Tonight I took a three-second ride on a hand-held bolt of lightning known as the Taser® X26. Three seconds is nothing. One Mississippi, two Mississippi, three Mississippi. Done. Barely enough time to read these sentences. It’s no time at all unless it is counted off while 50,000 volts of electricity are coursing through your body.

According to their web site, the Taser® X26 is the most popular electronic control devise used by law enforcement today. Its chunky, pistol-shaped plastic housing is designed to be aimed and shot like a hand gun. The standard model includes a laser site and a flashlight and a cartridge of compressed nitrogen that can spit two barrel-shaped, barbed probes up to thirty-five feet. The probes remain attached to the weapon by fish line-like filaments that aren’t strong enough to land a respectable Wisconsin Bluegill, but will have a human being flopping on the deck in… well, in three seconds.

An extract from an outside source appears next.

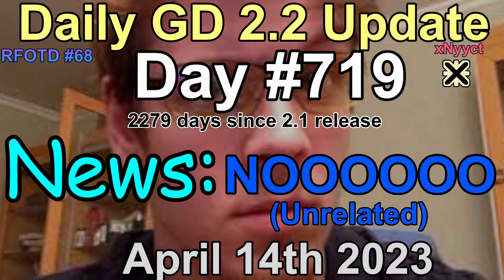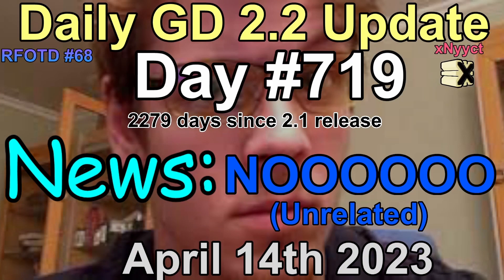Today is April 14th, 2023. This is XNIC, the host of the updates, bringing you your daily GD 2.2 update.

The pain is unique. I know a little bit about pain. I misspent my youth as a clumsy tom boy and a large chunk of my adulthood in the martial arts. At differing times and places I’ve broken my right wrist, middle finger, middle finger knuckle, and thumb; my right ankle, two toes on my left foot (twice), my nose (twice, once with nun chucks), and had two screws removed from the end of my right femur without the benefit of anesthetic.

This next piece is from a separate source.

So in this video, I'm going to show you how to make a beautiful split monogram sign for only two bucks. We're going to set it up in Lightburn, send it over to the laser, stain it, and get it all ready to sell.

If you’ve ever been shocked by static electricity, an electric fence or a bad cord connected to a kitchen appliance that’s a place to start. Imagine shuffling through an acre of shag carpet and backing into a stop sign-sized door knob. You’re getting closer. Couple the full-body shock with full-body muscle clench and hold that pose while you count, “One Mississippi, two Mississippi, three Mississippi.” Three seconds can last forever.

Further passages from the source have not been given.